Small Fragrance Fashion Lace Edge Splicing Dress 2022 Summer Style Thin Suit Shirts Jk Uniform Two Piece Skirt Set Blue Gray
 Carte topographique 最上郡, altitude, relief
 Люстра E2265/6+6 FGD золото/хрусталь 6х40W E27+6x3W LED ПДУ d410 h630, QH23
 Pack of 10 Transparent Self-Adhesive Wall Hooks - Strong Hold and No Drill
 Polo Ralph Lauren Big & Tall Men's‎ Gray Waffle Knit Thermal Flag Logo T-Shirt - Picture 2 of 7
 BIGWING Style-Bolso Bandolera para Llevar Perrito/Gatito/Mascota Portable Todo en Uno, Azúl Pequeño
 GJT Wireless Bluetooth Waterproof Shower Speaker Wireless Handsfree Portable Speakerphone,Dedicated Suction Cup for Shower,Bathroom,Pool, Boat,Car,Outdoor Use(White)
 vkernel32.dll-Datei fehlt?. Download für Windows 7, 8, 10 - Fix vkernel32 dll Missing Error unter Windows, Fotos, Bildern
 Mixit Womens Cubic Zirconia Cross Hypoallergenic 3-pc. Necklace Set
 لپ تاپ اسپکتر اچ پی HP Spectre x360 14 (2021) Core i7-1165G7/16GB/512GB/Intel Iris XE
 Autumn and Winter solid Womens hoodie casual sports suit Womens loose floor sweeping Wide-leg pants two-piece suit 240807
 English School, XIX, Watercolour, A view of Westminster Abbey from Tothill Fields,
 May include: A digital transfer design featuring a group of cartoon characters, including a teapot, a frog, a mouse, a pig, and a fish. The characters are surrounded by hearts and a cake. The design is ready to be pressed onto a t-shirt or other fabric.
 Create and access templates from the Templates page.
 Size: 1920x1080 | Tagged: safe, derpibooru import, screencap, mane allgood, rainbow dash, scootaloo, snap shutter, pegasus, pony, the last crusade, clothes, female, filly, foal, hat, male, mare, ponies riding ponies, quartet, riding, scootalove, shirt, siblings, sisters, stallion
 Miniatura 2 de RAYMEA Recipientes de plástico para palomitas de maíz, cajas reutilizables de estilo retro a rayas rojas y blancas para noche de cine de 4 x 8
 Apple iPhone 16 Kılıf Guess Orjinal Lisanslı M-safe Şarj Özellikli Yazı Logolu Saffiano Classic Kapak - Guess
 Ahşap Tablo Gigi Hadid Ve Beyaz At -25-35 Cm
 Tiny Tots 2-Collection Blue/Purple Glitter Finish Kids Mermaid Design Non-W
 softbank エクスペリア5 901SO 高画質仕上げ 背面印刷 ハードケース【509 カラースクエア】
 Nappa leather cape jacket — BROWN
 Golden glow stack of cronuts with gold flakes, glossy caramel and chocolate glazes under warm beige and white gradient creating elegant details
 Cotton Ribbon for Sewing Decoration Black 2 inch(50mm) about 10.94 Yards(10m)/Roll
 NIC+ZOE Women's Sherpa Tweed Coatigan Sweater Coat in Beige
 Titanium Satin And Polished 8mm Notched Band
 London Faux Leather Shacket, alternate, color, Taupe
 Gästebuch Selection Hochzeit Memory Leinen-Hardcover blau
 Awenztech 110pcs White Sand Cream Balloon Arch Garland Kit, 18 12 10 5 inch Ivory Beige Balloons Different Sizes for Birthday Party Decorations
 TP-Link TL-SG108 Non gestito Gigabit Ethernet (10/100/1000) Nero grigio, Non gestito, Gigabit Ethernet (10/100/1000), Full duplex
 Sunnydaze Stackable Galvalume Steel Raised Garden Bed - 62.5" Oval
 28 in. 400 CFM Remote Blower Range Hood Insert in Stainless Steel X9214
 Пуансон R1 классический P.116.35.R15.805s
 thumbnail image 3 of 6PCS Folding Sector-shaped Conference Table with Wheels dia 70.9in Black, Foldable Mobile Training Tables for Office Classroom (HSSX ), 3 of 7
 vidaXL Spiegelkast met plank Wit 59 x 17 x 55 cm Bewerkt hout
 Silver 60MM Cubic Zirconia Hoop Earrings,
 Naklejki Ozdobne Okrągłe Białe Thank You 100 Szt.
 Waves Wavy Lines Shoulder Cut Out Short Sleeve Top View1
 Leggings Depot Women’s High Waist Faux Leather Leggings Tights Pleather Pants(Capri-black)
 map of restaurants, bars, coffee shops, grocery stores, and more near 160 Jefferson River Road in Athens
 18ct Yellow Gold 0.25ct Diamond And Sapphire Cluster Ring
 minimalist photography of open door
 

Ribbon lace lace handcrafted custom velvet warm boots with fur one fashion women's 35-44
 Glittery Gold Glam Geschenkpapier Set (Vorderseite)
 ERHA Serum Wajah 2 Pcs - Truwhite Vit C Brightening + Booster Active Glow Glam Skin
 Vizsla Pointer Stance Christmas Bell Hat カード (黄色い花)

☆ ☆ ☆ ☆ ☆ ☆ ☆

## Problem to solve:
Using the entries above, output exactly the lines between the line holding "Sunnydaze Stackable Galvalume" and the line holding "ERHA Serum Wajah", end lines included, and nothing more.

## Solved exercise:
 Sunnydaze Stackable Galvalume Steel Raised Garden Bed - 62.5" Oval
 28 in. 400 CFM Remote Blower Range Hood Insert in Stainless Steel X9214
 Пуансон R1 классический P.116.35.R15.805s
 thumbnail image 3 of 6PCS Folding Sector-shaped Conference Table with Wheels dia 70.9in Black, Foldable Mobile Training Tables for Office Classroom (HSSX ), 3 of 7
 vidaXL Spiegelkast met plank Wit 59 x 17 x 55 cm Bewerkt hout
 Silver 60MM Cubic Zirconia Hoop Earrings,
 Naklejki Ozdobne Okrągłe Białe Thank You 100 Szt.
 Waves Wavy Lines Shoulder Cut Out Short Sleeve Top View1
 Leggings Depot Women’s High Waist Faux Leather Leggings Tights Pleather Pants(Capri-black)
 map of restaurants, bars, coffee shops, grocery stores, and more near 160 Jefferson River Road in Athens
 18ct Yellow Gold 0.25ct Diamond And Sapphire Cluster Ring
 minimalist photography of open door
 

Ribbon lace lace handcrafted custom velvet warm boots with fur one fashion women's 35-44
 Glittery Gold Glam Geschenkpapier Set (Vorderseite)
 ERHA Serum Wajah 2 Pcs - Truwhite Vit C Brightening + Booster Active Glow Glam Skin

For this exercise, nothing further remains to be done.